§ TASK TO CARRY OUT: At the line containing "Фар Десен Оригинален", begin repeating lines exactly, and stop only after the final line of the records below.
--*--
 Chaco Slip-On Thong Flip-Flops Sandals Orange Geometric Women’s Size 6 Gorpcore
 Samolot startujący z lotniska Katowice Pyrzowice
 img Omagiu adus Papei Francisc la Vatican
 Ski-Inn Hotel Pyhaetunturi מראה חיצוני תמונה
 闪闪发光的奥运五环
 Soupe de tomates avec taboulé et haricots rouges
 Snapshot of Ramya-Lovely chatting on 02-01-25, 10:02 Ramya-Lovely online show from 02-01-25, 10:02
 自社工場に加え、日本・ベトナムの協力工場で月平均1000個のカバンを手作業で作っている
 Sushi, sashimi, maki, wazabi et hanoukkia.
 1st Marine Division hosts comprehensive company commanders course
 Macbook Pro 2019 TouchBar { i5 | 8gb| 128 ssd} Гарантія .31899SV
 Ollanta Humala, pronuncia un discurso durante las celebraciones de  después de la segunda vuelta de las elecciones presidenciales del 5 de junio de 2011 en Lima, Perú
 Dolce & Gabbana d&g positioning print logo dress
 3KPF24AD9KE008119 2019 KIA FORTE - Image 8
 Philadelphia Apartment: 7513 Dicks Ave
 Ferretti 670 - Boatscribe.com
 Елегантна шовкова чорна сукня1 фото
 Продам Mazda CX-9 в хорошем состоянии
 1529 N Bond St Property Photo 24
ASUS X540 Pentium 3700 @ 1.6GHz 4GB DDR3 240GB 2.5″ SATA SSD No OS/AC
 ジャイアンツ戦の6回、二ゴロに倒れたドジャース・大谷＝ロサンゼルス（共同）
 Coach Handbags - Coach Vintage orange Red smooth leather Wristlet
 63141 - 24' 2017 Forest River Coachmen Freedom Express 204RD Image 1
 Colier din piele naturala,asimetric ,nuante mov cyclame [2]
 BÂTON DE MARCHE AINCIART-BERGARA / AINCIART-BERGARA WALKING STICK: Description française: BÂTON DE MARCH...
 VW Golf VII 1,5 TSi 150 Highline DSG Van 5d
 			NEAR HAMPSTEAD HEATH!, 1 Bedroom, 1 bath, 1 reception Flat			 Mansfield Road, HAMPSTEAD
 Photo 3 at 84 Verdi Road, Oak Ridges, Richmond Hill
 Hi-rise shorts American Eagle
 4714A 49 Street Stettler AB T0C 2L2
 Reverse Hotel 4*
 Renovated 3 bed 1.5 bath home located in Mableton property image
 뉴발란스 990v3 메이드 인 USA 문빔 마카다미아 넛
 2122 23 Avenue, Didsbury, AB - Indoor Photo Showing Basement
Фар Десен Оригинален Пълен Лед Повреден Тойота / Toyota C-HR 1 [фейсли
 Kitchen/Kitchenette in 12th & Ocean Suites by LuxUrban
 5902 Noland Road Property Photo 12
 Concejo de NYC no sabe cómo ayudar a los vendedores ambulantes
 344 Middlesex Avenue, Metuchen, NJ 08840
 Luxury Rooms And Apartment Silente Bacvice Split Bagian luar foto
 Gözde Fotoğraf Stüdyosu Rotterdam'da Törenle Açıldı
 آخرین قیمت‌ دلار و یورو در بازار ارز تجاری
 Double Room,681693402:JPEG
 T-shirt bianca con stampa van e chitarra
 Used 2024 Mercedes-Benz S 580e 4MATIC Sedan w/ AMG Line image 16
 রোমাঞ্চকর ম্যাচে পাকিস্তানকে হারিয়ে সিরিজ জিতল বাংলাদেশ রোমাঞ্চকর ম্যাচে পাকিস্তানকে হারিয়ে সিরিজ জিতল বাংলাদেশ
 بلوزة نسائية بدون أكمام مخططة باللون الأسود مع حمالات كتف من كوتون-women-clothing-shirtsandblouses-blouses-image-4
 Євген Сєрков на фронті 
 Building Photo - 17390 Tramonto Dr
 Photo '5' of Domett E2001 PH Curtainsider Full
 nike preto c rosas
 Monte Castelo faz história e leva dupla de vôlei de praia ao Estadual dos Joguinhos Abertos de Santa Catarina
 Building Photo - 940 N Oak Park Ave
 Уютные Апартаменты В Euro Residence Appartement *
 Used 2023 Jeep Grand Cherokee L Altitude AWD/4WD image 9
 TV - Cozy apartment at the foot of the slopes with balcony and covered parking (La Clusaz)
--*--
§ WRITTEN ANSWER:
Фар Десен Оригинален Пълен Лед Повреден Тойота / Toyota C-HR 1 [фейсли
 Kitchen/Kitchenette in 12th & Ocean Suites by LuxUrban
 5902 Noland Road Property Photo 12
 Concejo de NYC no sabe cómo ayudar a los vendedores ambulantes
 344 Middlesex Avenue, Metuchen, NJ 08840
 Luxury Rooms And Apartment Silente Bacvice Split Bagian luar foto
 Gözde Fotoğraf Stüdyosu Rotterdam'da Törenle Açıldı
 آخرین قیمت‌ دلار و یورو در بازار ارز تجاری
 Double Room,681693402:JPEG
 T-shirt bianca con stampa van e chitarra
 Used 2024 Mercedes-Benz S 580e 4MATIC Sedan w/ AMG Line image 16
 রোমাঞ্চকর ম্যাচে পাকিস্তানকে হারিয়ে সিরিজ জিতল বাংলাদেশ রোমাঞ্চকর ম্যাচে পাকিস্তানকে হারিয়ে সিরিজ জিতল বাংলাদেশ
 بلوزة نسائية بدون أكمام مخططة باللون الأسود مع حمالات كتف من كوتون-women-clothing-shirtsandblouses-blouses-image-4
 Євген Сєрков на фронті 
 Building Photo - 17390 Tramonto Dr
 Photo '5' of Domett E2001 PH Curtainsider Full
 nike preto c rosas
 Monte Castelo faz história e leva dupla de vôlei de praia ao Estadual dos Joguinhos Abertos de Santa Catarina
 Building Photo - 940 N Oak Park Ave
 Уютные Апартаменты В Euro Residence Appartement *
 Used 2023 Jeep Grand Cherokee L Altitude AWD/4WD image 9
 TV - Cozy apartment at the foot of the slopes with balcony and covered parking (La Clusaz)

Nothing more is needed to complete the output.